So since I moved to these Americas I have developed a phobia of driving on the interstate. Generally, on a sunny, dry day I'm okay, a little anxiety, but its okay. When it rains, however, I'm terrified. My work is about 30 miles away and 90% of that driving is on an interstate. If I'm at work and I know its going to be raining on my drive home I get zero work done. If I'm at home and I see a forecast that its going to be raining the next day I get zero sleep. Of course, on top of that I know I'm not driving as well as I usually would because I'm scared and sleep deprived.
How the fuck do I stop this ridiculousness???
― Right column Leftist (sunny successor), Tuesday, 28 January 2020 21:33 (eight months ago) link
take the bus
― Οὖτις, Tuesday, 28 January 2020 21:35 (eight months ago) link
― Right column Leftist (sunny successor), Tuesday, 28 January 2020 21:36 (eight months ago) link
that really really sucks. I hate driving so much mostly because I am so distrustful of other drivers and I get highway hypnosis. Can you find someone to carpool with? Otherwise, just always make sure to give yourself extra extra time to reduce anxiety and let yourself stay in the slower lane with a big buffer around you. And if you haven't done so recently get your car checked out to make sure you have enough tread on all tired and they are properly inflated, break pads fine etc.

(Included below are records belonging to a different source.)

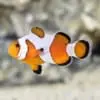 Davinci Clownfish for sale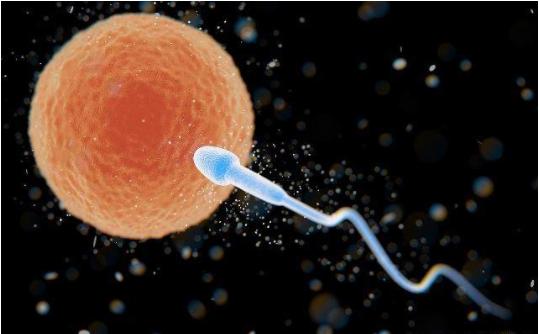 没受孕的精子在女性体内，最后都去了哪里？听听医生的答案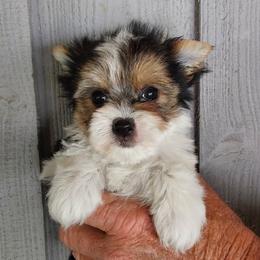 Girl 2 - Parti female Yorkshire Terrier puppy in Jamestown, Tennessee from Green Ridge
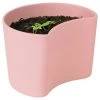 RIG TIG Your Tree Degradable Pot With Seed, Pink 2 RIG TIG Your Tree Degradable Pot With Seed, Pink -Sunny Garden Shop rig tig by stelton your tree degradable pot with seed 7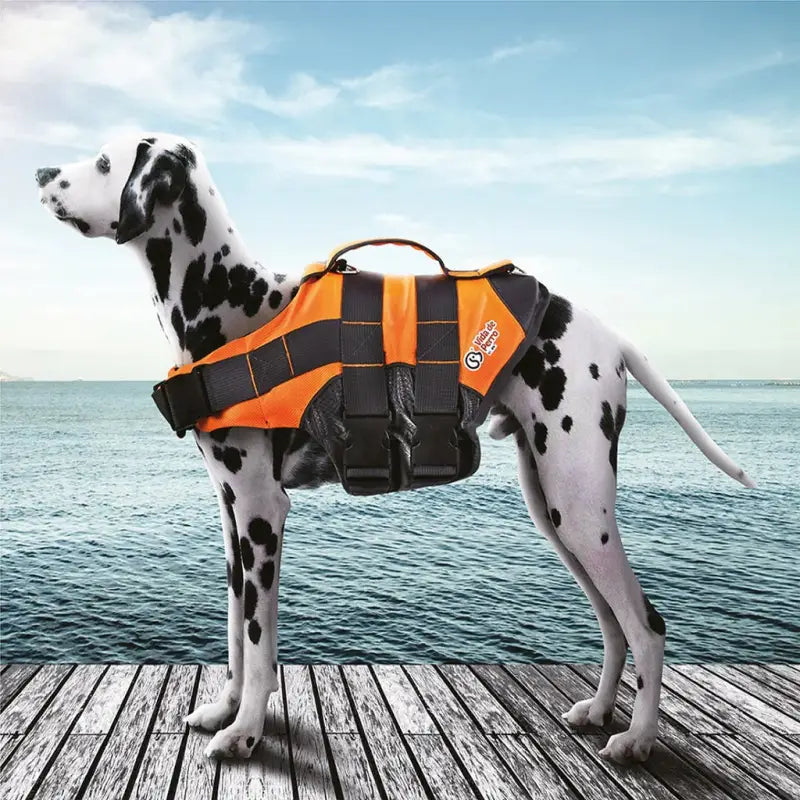 Chaleco Salvavidas para perros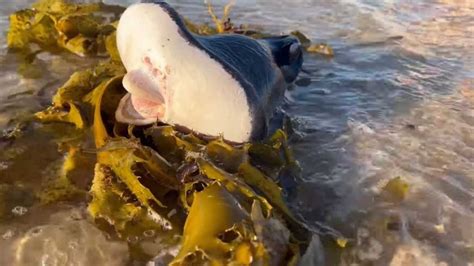 Image result for Alien Creature Bondi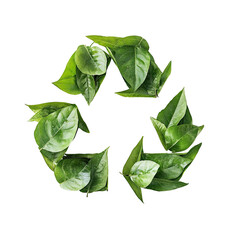 Green leaves in recycling symbol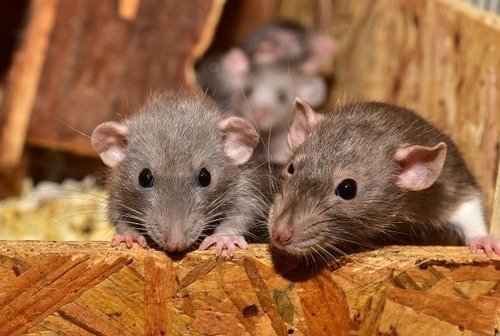 Difference between mice and rats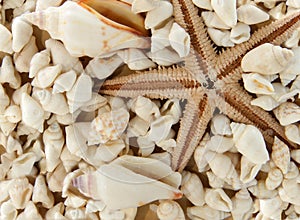 Seastar and shells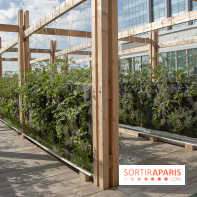 Sous les Fraises & So Ouest inaugurent la première ferme maraichère urbaine à Levallois-Perret : les photos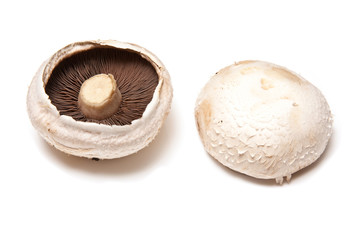 large white edible mushrooms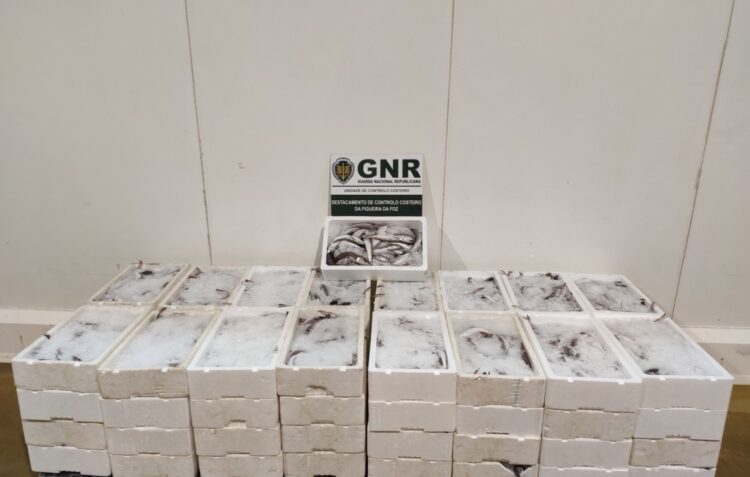 GNR apreende e doa 476 quilos de pescada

― Yerac, Tuesday, 28 January 2020 21:40 (eight months ago) link
like it will mentally make yourself feel better if you know your car can function properly in water. That stuff that beads water up on the windshield is really nice too.
― Yerac, Tuesday, 28 January 2020 21:41 (eight months ago) link
Interstates, I take it, are multi-lane? I'm fine on a highway that has 2-4 lanes; I drive at the speed limit, so I can stay to the right and people can pass me all they want. But I hate being on anything single-lane, which is what everything is where I moved recently. I feel pressured by cars behind me--few drivers are happy if you do the speed limit, they want you 10 km/hr over, and you can feel their impatience if you're not--and some of them don't leave a lot of margin of error when they pass. I'm also nervous about any oncoming traffic where someone's trying to pass. Rain and darkness compound the problem a lot; if there's snow, well, I very likely stayed at home.

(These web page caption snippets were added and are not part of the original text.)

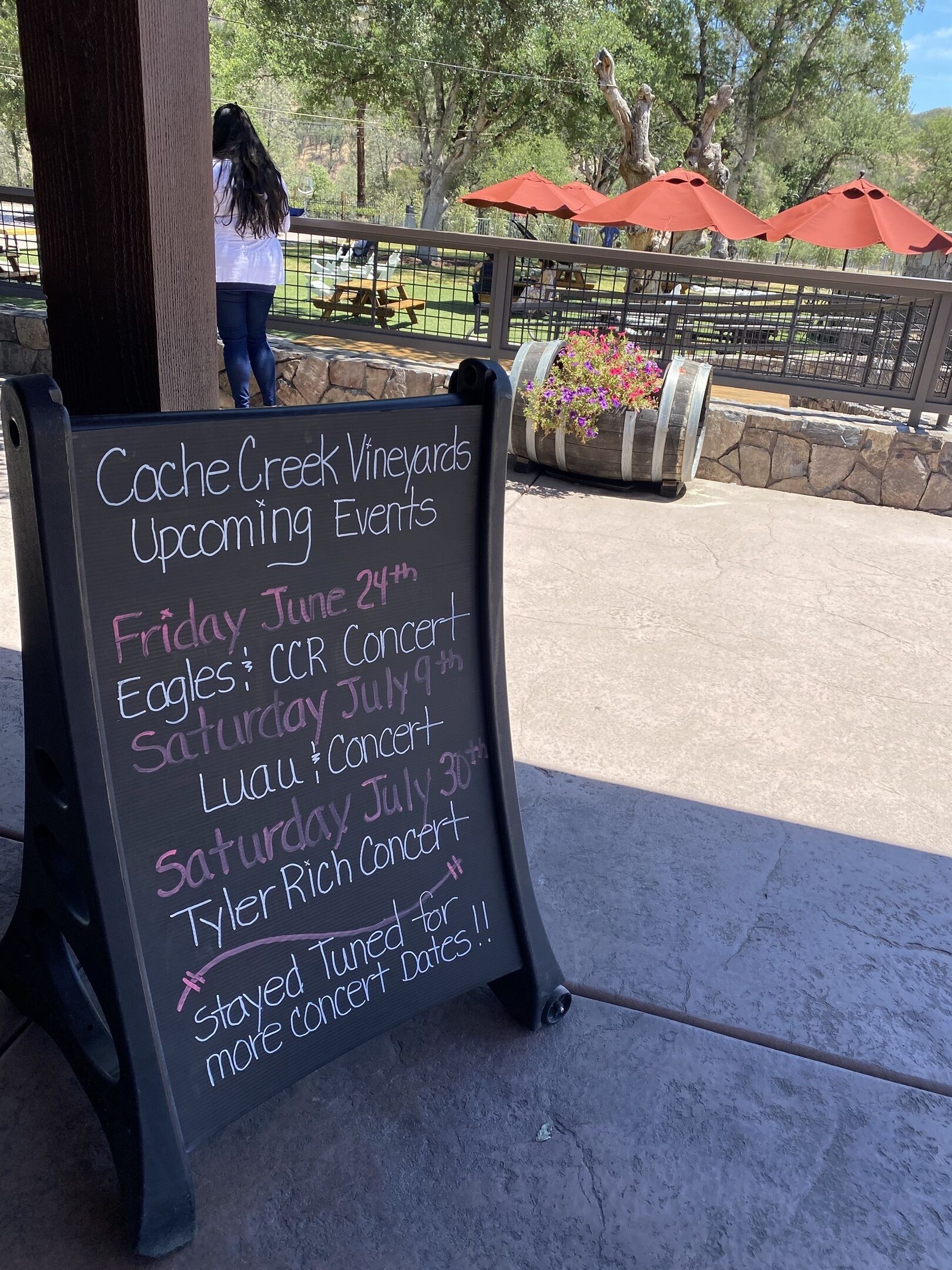 A chalkboard sign listing upcoming events at Cache Creek Vineyards.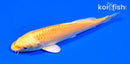 5.75" YAMABUKI OGON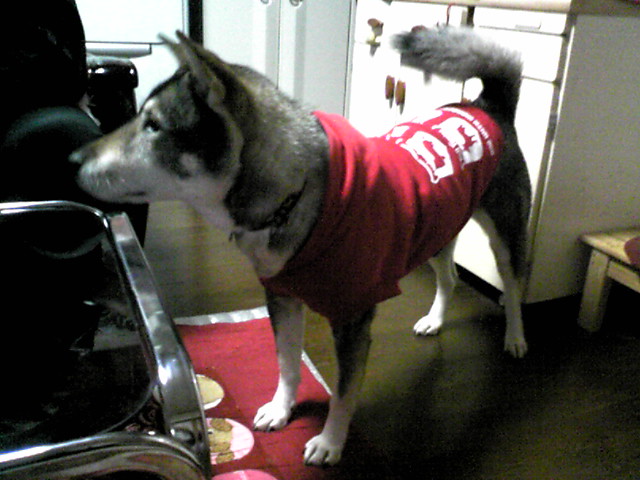 f0079202_21285843.jpg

― clemenza, Tuesday, 28 January 2020 21:42 (eight months ago) link
Its actually worse when I'm a passenger. Like I've gone from a dangerous situation to a dangerous situation that I have zero control over. Also, I'm in the suicide seat (that's the passenger seat for those of you who don't envision your own violent vehicular death a thousand times a day).
Yerac that's some great advice with making sure the car is in good shape. We've definitely done that with the tyres and brakes. What is this beading magic you speak of?
I do try to keep a good buffer around me but there's always some cunt in the passing lane keeping pace with the person next to them in the middle lane so a bunch of other cunts decide the slow lane is now the passing lane and suddenly everyone is all packed up together and losing their minds.
clemenza, yeah i'm wary of those too, especially in rural areas.
― Right column Leftist (sunny successor), Tuesday, 28 January 2020 22:09 (eight months ago) link
I think Rain X is the most available water repellent but they sell it most places. It makes seeing through the windshield so much easier.
Are you a newish regular interstate driver? I would hope your anxiety would decrease the more familiar you get with the route and action of doing it.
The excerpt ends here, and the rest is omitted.